El Tercer Reich. Roberto Bolaño. Anagrama Compactos

(368 páginas. 9,90€. Año de edición: 2012)
En forma de diario, Udo Berger da cuenta de sus vacaciones, iniciadas el 20 de agosto, hospedado en el hotel Del Mar, en la Costa Brava. Udo tiene 25 años, está enamorado de su bella y rubia novia Ingeborg y es el campeón de su país del Tercer Reich, un juego de guerra (wargames). Los proyectos sobre artículos en revistas especializadas le absorben, junto al juego desplegado en la mesa de su habitación, por lo que no frecuenta mucho la playa con su novia, aunque sí las discotecas por la noche, junto con Charly y Hanna, una pareja de alemanes, y Lobo y Cordero, un par de españoles vividores. Otros dos personajes importantes (y nebulosos) son el Quemado, un hombre de no se sabe bien dónde (parece hispanoamericano) y con terribles quemaduras en su piel, y Frau Else, la alemana que regenta el hotel junto con su marido, gravemente enfermo, que atrae mucho al narrador desde que diez años atrás visitaran con sus padres ese hotel.

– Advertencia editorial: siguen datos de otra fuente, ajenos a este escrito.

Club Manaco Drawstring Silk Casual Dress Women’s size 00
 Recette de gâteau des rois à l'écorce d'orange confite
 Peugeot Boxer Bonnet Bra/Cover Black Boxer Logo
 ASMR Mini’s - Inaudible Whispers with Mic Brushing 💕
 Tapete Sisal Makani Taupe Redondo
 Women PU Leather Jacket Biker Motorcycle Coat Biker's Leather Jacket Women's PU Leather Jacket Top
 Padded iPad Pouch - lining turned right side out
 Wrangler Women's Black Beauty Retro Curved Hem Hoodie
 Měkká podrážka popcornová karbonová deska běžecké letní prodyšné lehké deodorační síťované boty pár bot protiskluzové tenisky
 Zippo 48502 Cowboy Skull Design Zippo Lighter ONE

La novela es extrañísima, tan extraña como el carácter paranoico y conspiratorio de Udo, influido por las novelas del investigador Florian Linden que lee su novia (tiene, de hecho, muchos sueños recurrentes en los que Florian está fuera de la habitación previniéndole de peligros). En todo ve una amenaza latente o trata de extraerle un sentido oculto (como la disposición de los patines acuáticos del Quemado en la playa). ¿Acaso es que ve que su felicidad actual no puede ser duradera? No parece que la novela haya que interpretarla en clave alegórica, sin embargo.

El caso es que Udo poco a poco va autodestruyéndose. Acelera el proceso la desaparición de Charly, que sale con su tabla de windsurf una noche (este personaje es un tarado) y no regresa (algo que ya había pasado, pero con final menos trágico, la primera noche). Quedan sin aflorar las sospechas de una violación (¿a Hanna? ¿El Lobo y el Cordero?) y los terribles miedos de Ingeborg, porque al poco las dos chicas, una tras de otra, se vuelven a Alemania. Udo, en cambio, retrasa su partida, y no se explica qué lo ata al hotel: ¿fidelidad hacia Charly, hacia quien no sentía ninguna simpatía? ¿Que se ha enamorado de Frau Else, con quien no consigue acostarse (pero sí con Clarita, la que arregla su habitación)? ¿La partida que inicia con el Quemado, que desarrollan por las noches?

Si ya la partida de Hanna e Ingeborg dejan un poco coja la narración (cada vez más alucinada, con menos sentido), el final es una lenta e incomprensible desintegración. Las peores sospechas o amenazas no se concretan y provocan algo de decepción: el Quemado no lo mata ni confunde juego y realidad (como había apuntado el marido de Frau Else, que parecía un conspirador en la sombra), no cree que Udo sea un nazi. Udo regresa a Alemania, donde ni su amistad con Conrad (otro jugador, que termina pasándole dinero cuando empieza a escasearle, pues el retraso de su partida agota sus ahorros) es la misma.

Salvan a la novela algunas asociaciones metafóricas envueltas como en una especie de tela húmeda, pegajosa, esa recreación de un pueblo costero que al finalizar el verano se vuelve decadente y depresivo, el cierto tono de novela negra que impera sobre todo cuando las dos parejas están juntos (y que lo acerca un poco a El placer del viajero, de Ian McEwan), la precisa documentación sobre la Segunda Guerra Mundial y los juegos de guerra, el tono del narrador, la sensación de que siempre hay algo más allá, algo que rezuma pesimismo, la misma extrañeza que exporta el narrador, y que casi hasta el final se mantiene la incertidumbre. Dentro de la categoría de novelas póstumas, esta, escrita a finales de los años 80, dentro de lo que cabe está bien ensamblada y conseguida.